*Data shown*.
━━━━━━━━━━━━━━━━━━━━
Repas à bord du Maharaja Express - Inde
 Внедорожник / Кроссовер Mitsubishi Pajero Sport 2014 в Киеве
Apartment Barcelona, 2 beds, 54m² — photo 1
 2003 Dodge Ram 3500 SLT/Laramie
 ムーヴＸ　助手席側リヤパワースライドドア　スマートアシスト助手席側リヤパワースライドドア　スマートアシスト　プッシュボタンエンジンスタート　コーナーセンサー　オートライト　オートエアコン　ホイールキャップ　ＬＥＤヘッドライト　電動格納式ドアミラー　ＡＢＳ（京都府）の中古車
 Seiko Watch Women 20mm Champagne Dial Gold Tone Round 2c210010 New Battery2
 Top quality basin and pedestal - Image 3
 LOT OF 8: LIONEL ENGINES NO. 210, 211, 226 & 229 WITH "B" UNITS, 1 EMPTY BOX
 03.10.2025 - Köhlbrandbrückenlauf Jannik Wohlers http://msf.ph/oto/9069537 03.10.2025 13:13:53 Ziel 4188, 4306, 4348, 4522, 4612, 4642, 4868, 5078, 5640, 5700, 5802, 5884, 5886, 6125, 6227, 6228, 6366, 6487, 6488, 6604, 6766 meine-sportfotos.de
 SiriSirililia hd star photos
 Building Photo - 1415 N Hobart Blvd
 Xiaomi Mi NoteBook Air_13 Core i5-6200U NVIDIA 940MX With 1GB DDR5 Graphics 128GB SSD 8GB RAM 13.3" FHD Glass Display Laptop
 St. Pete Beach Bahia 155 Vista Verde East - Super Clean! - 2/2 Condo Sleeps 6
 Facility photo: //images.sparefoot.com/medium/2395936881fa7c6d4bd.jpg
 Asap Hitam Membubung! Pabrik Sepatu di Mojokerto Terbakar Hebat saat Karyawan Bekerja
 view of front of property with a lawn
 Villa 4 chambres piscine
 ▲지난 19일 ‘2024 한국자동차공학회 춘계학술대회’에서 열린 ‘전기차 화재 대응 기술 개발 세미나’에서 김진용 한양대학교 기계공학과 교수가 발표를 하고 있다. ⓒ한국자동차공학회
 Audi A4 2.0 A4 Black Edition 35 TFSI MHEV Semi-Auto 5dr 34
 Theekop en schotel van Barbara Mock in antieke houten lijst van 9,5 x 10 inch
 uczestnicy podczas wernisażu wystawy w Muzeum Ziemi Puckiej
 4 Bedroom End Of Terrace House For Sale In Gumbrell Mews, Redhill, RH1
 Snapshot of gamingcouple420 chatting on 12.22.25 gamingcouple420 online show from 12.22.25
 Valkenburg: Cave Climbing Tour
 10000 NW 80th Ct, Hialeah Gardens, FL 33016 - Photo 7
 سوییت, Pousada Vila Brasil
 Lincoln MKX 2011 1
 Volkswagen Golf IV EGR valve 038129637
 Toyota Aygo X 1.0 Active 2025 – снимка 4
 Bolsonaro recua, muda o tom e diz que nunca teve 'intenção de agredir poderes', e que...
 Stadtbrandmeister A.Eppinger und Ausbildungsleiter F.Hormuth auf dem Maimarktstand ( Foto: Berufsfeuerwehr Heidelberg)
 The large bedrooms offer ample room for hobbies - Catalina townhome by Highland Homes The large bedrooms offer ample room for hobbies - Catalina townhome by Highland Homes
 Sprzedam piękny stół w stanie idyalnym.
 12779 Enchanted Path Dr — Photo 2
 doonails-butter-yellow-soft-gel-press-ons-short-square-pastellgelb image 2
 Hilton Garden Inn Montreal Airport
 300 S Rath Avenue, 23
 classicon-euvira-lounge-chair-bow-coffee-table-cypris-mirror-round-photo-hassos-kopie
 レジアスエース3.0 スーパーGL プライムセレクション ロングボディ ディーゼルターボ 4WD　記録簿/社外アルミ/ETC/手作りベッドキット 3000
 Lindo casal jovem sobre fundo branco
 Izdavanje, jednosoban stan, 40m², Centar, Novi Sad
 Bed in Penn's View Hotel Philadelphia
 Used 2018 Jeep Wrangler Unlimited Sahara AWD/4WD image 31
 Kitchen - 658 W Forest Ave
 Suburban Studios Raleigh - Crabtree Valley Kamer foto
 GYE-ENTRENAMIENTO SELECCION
━━━━━━━━━━━━━━━━━━━━
*The problem*.
In the listing above, find the line containing "Bolsonaro recua, muda" and the line containing "Highland Homes The", then repeat those two lines and everything between them exactly.

*Solution to this problem*.
 Bolsonaro recua, muda o tom e diz que nunca teve 'intenção de agredir poderes', e que...
 Stadtbrandmeister A.Eppinger und Ausbildungsleiter F.Hormuth auf dem Maimarktstand ( Foto: Berufsfeuerwehr Heidelberg)
 The large bedrooms offer ample room for hobbies - Catalina townhome by Highland Homes The large bedrooms offer ample room for hobbies - Catalina townhome by Highland Homes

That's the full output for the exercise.